Analoghe considerazioni valgono in relazione alle esigenze cautelari, la cui
sussistenza è stata correttamente desunta dal Tribunale — a fronte di mere
indimostrate asserzioni di segno contrario, ribadite nel ricorso per cassazione — dalle
modalità delle condotte criminose contestate all’indagata, nonché dalla complessità
dell’organizzazione criminale, che emerge dai riferimenti di tutti gli interlocutori delle
conversazioni intercettate ad una pluralità di soggetti, con divisione di ruoli. Lo stesso
Tribunale ha coerentemente sottolineato che l’indagata, ove rimessa in libertà,
potrebbe ritornare a delinquere, ponendo in essere quelle condotte di spaccio e
detenzione di sostanze stupefacenti che erano costante oggetto delle conversazioni fra
i coimputati. Quanto, infine, alle condizioni personali e familiari dell’indagata, lo stesso
Tribunale mostra di tenerne adeguatamente conto, sostituendo la misura della
custodia cautelare in carcere con quella meno afflittiva degli arresti domiciliari.

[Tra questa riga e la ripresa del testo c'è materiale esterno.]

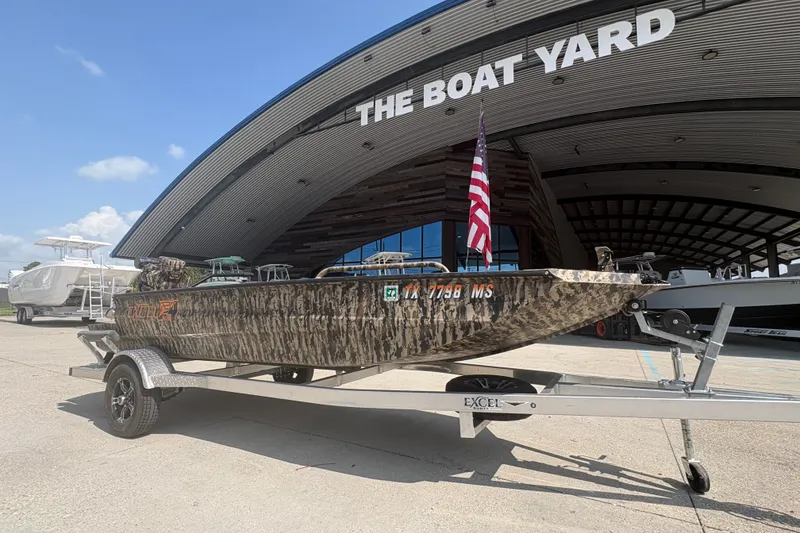 Slide: The Image of 2026 Excel 1751 Shallow Water F4 boat on trailer at The Boat Yard. - 2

4. – Il ricorso deve perciò essere dichiarato inammissibile.
Tenuto conto della sentenza 13 giugno 2000, n. 186, della Corte costituzionale
e rilevato che, nella fattispecie, non sussistono elementi per ritenere che «la parte
abbia proposto il ricorso senza versare in colpa nella determinazione della causa di
inammissibilità», alla declaratoria dell’inammissibilità medesima consegue, a norma
dell’art. 616 cod. proc. pen., l’onere delle spese del procedimento nonché quello del
versamento della somma, in favore della Cassa delle ammende, equitativamente
fissata in C 1.000,00.
P.Q.M.
Dichiara inammissibile il ricorso e condanna la ricorrente al pagamento delle
spese processuali e della somma di C 1.000,00 in favore della Cassa delle ammende.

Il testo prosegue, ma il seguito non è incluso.